> **INFORMATION PROVIDED**
=== Section Start ===

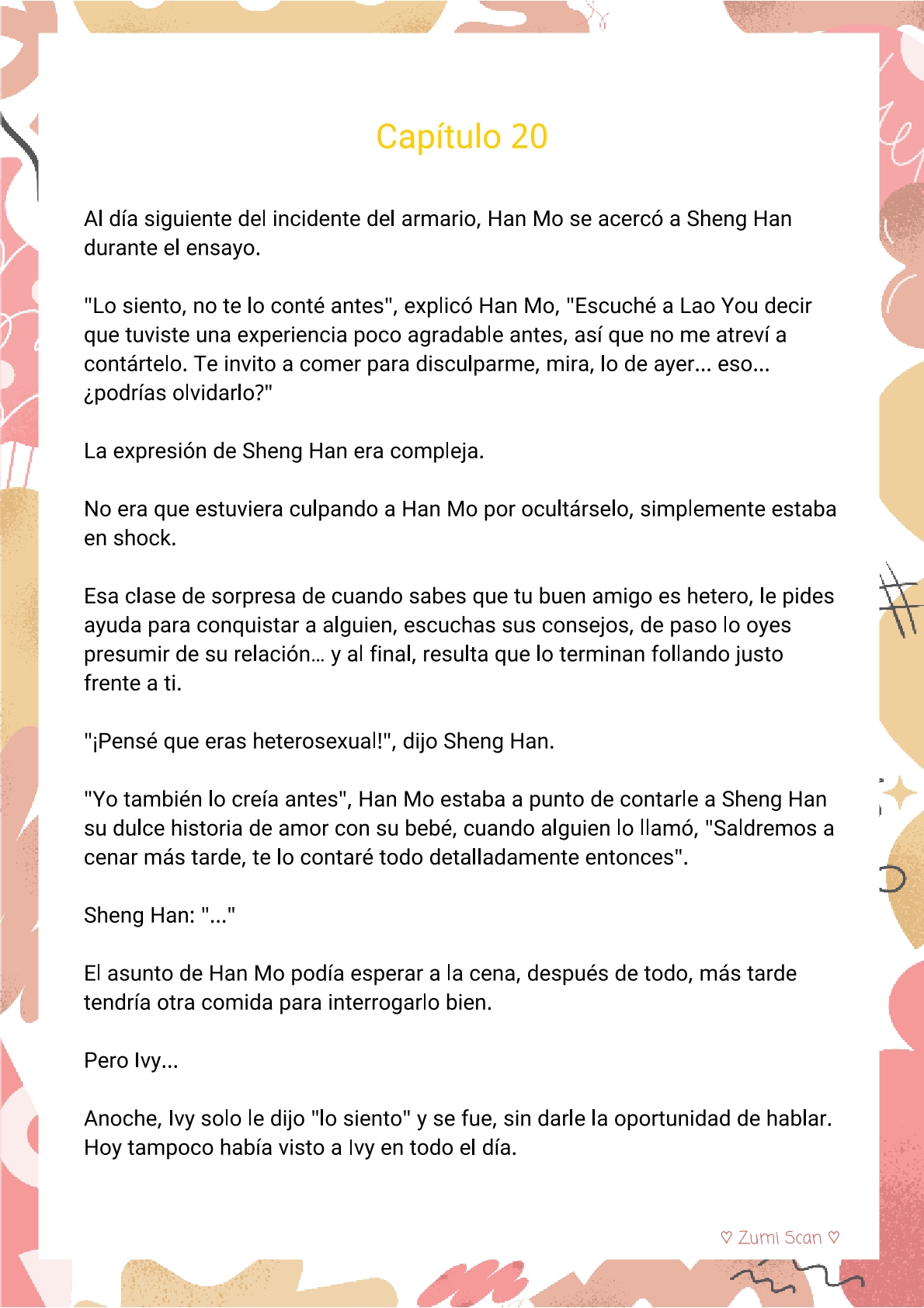 1 Soy hetero, pero mi compañero de cuarto travestido huele muy bien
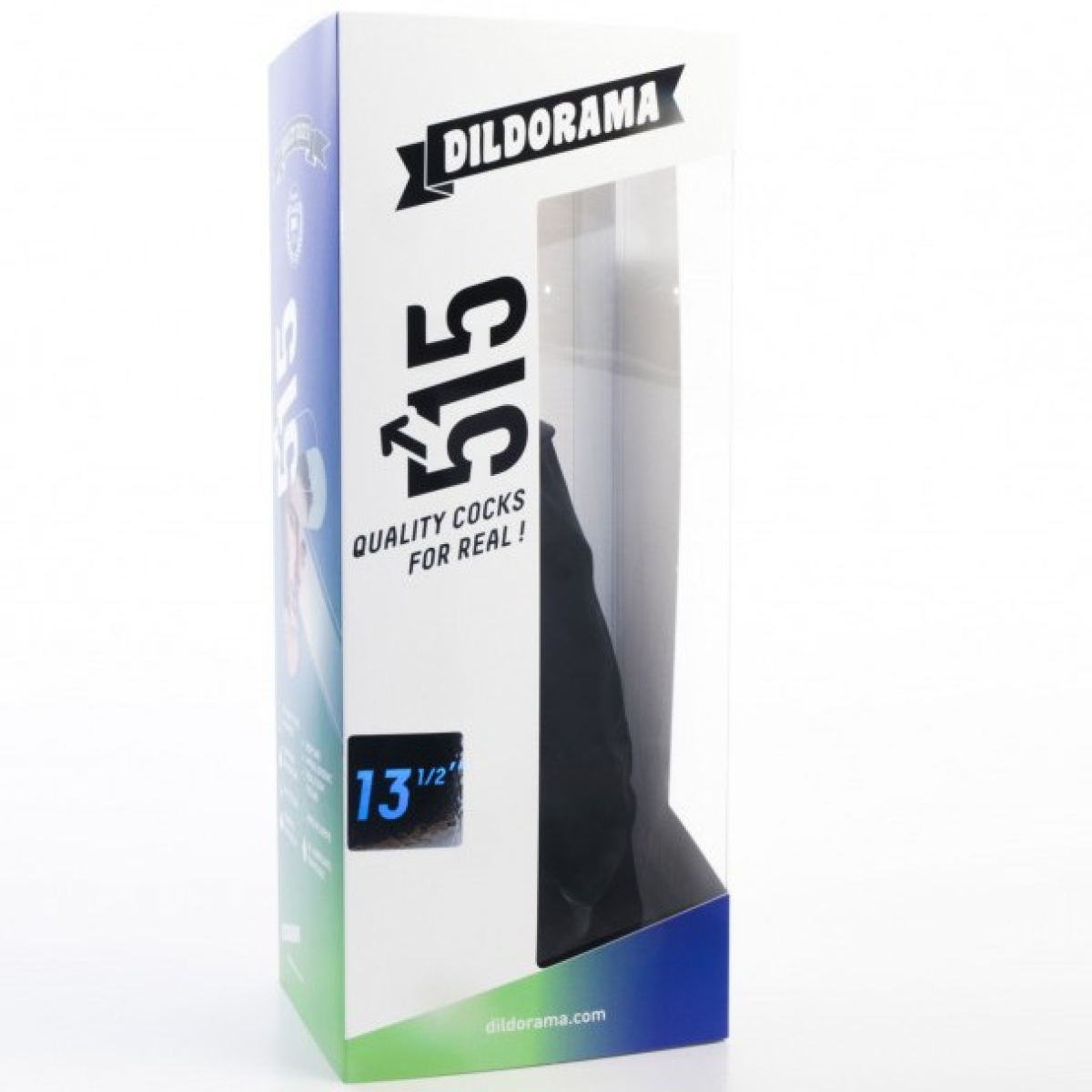 gode dildorama 26 x 67 cm noir 1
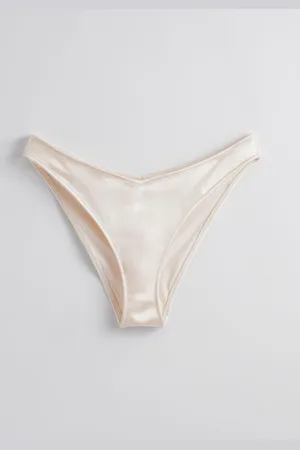 & OTHER STORIES High-Cut Bikini Briefs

=== Section End ===

> **TASK GOAL**
Leave out the pictures and return the listing exactly.

> **OUTPUT FOR THIS EXERCISE**
 1 Soy hetero, pero mi compañero de cuarto travestido huele muy bien
 gode dildorama 26 x 67 cm noir 1
 & OTHER STORIES High-Cut Bikini Briefs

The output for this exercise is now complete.